The basic thing about being a leftist is to be materialistic. This principle grabs human mind and consistently and gradually represses the free thinking, transforms his innate idealism into nihilism, philanthropy into misanthropy, humanism into nationalism, love into hate. The  Materialism destroys what is called meaning and value in existence; in the name of atheism, it kills the conscience; then, it readily supplements atheism with hate, anarchism with despotism, pacifism with aggression, the leftist paraphernalia with the rightist, half-truths with full-lies, and incorporates all this trash into one single lump of ideology.

Avram Noam Chomsky sees no particular difference between right wing and the left wing ideologies when it is a matter of revolt against the authority, and in his fight against it in the name of ‘free speech,’ he actually fuses them into one. It is not a secret. For Chomsky’s entanglements with neo-Nazis, see the files in

1) The Intellectual as Commissar
2) Nizkor project

Kosovar refugees in Kukes 15 April 1999. Kosovar refugees rest in Kukes after being forced out of Kosovo by Serb forces.

So, besides the fact that Mr. Chomsky’s article on "‘The Current Bombings: Behind the Rhetoric’’ provides the basic direction for the arguments by the Left about what has been taking place in Kosovo, there were two special reasons to undertake a closer analysis of his article.

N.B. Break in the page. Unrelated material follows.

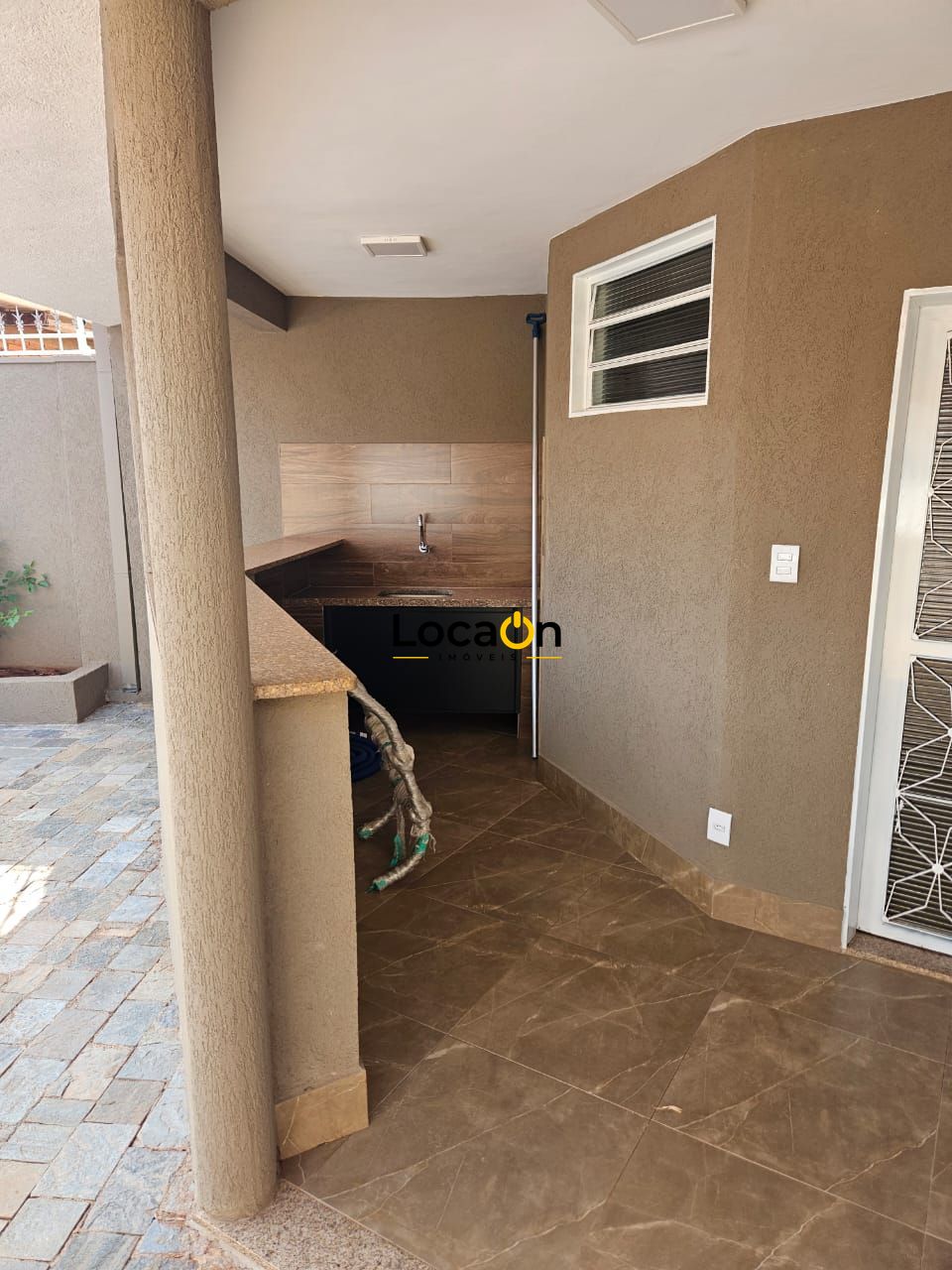 ALUGA- Casa 3 dormitórios, suíte, 2 banheiros, casa planejada em Ribeirão Preto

The first is to find out how and why an admittedly progressive, populist, humanist, socialist point of view leads to justify the naked sadism by the old communist and ethno-nationalist forces in Kosovo. The answer should be very simple from the outset, for the half-truths of the materialist Left have their usual user-friendly material logic: In order to oppose the NATO intervention against a possible full scale ethnic cleansing, it is a premise to deny the premeditated mass killings of Kosovar Albanians by the Serbian police forces and army, or at least to reduce the perception of them so as to make them useless as a motive for the intervention. This sort of groundwork is strikingly visible nowadays in the so-called ‘anti-war’ sites in Internet—including the one, ZNet, of which Mr. Chomsky is a columnist among some other pacifists and anarchists, Marxist-Leninists and Maoists, and, to give some flavor to the diversity, gay and lesbian rights activists etc.—which have deleted virtually all references to the mass killings of the Albanians by the Serbs in Kosovo from their pages as well as consciences. When this is done, when the conscience has been silenced by the cold logic of ideology, what remains to be perceived in an unbearable reality is only the ‘indiscriminate’ aerial bombardment by the NATO countries over the innocent Serbs to open the Yugoslav market and exploit the resources of the country. This is anti-imperialism in its obscene form.

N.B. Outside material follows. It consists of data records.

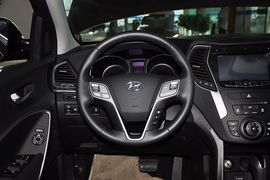2013款现代全新胜达2.4GL自动四驱舒适型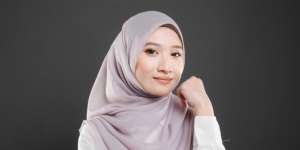 Aplikasikan Bedak Lebih Merata dengan Puff dan Kuas Agar Riasan Bawah Mata Tahan Lama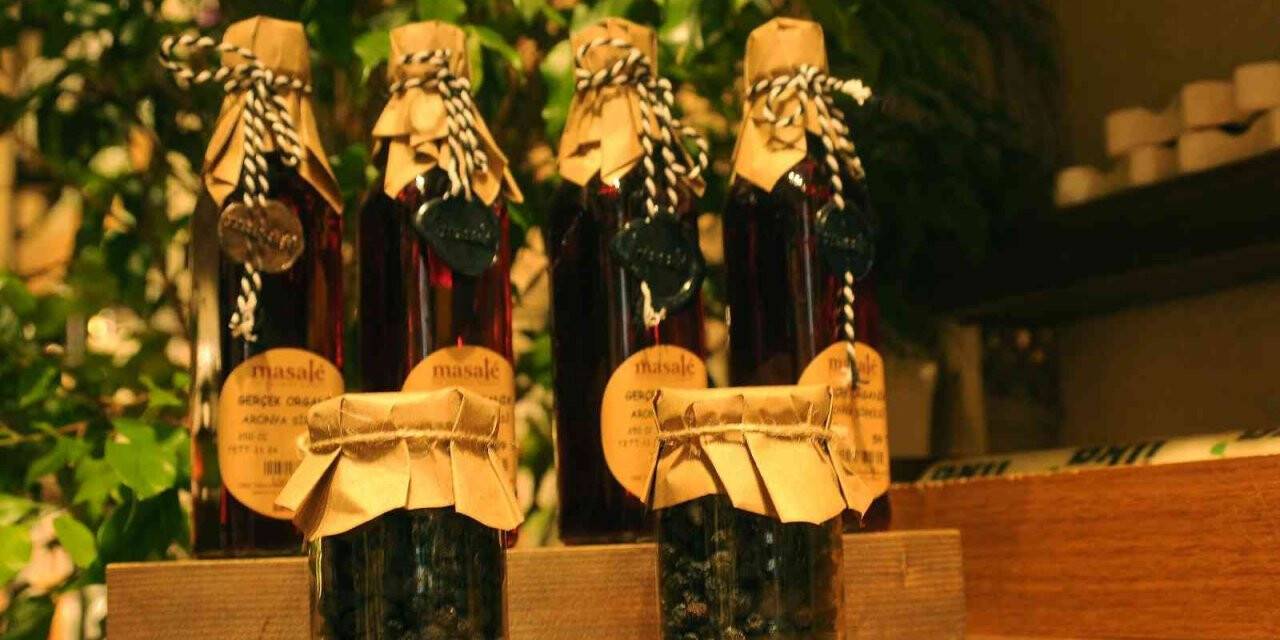 Yalova aronyası kuru meyvesi ve sirkesi ile de talep görüyor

The second point is to show that his almost obsessive acts of free speech against Türkiye, that there is an ethnic cleansing and genocide of Kurdish people in Türkiye, too, come from the same logic of ideological hatred that, since the Kurdish PKK is a left-wing, or, more precisely, a Marxist-Leninist organization, it has, by definition, every and any right to terrorize people and commit whatever crime it deems right.